§ **Task requirements**: From the line containing "Caneca Copo Café" down to the last line of the material, output each line exactly as it appears, excluding pictures.

━━ Information provided ━━

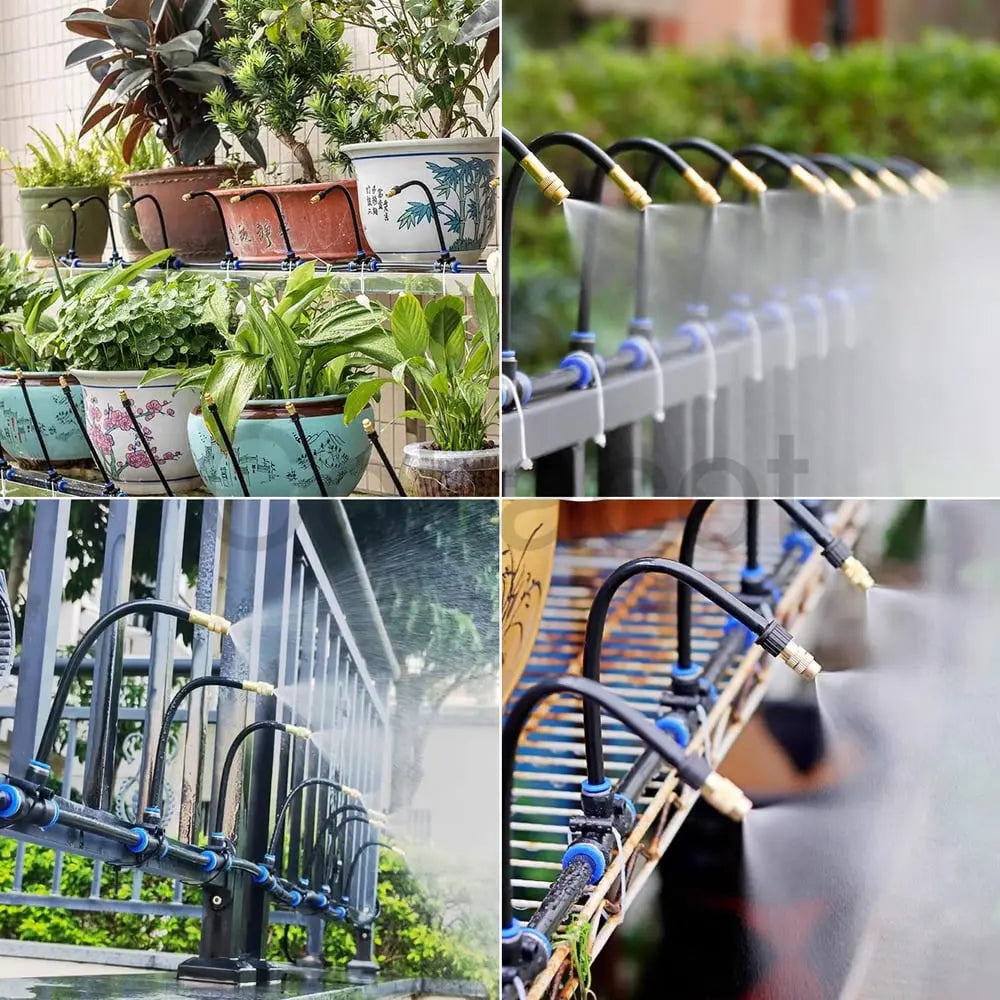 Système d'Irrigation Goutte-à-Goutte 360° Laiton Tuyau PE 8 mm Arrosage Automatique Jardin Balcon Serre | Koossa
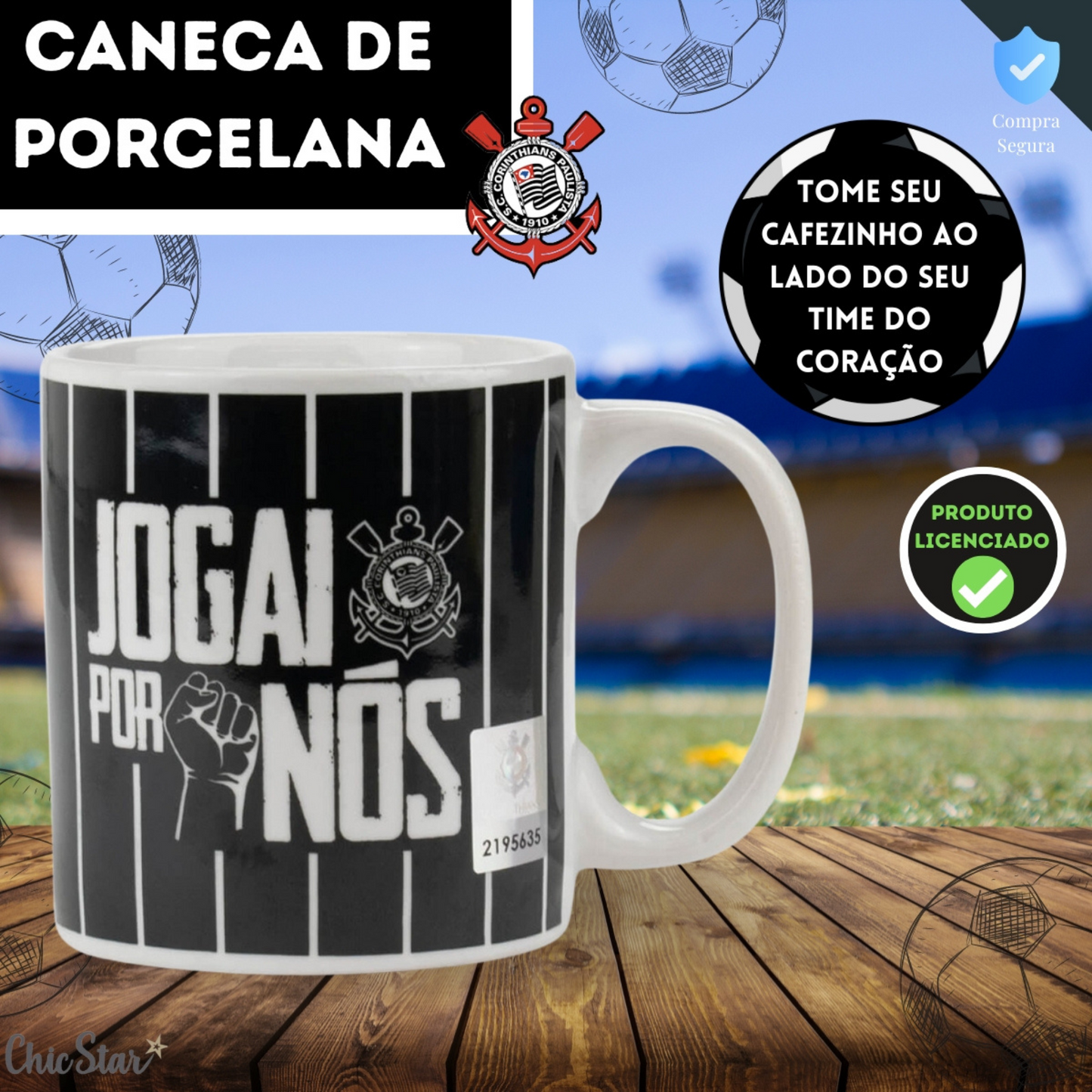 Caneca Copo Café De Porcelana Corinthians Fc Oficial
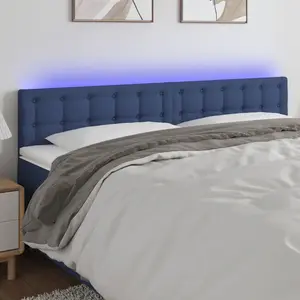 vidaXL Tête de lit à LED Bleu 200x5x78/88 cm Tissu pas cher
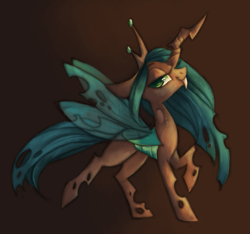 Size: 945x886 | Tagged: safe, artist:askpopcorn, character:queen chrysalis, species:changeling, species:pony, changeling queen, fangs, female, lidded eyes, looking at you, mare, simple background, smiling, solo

━━━

§ **Solution below**:
 Caneca Copo Café De Porcelana Corinthians Fc Oficial
 vidaXL Tête de lit à LED Bleu 200x5x78/88 cm Tissu pas cher
 Size: 945x886 | Tagged: safe, artist:askpopcorn, character:queen chrysalis, species:changeling, species:pony, changeling queen, fangs, female, lidded eyes, looking at you, mare, simple background, smiling, solo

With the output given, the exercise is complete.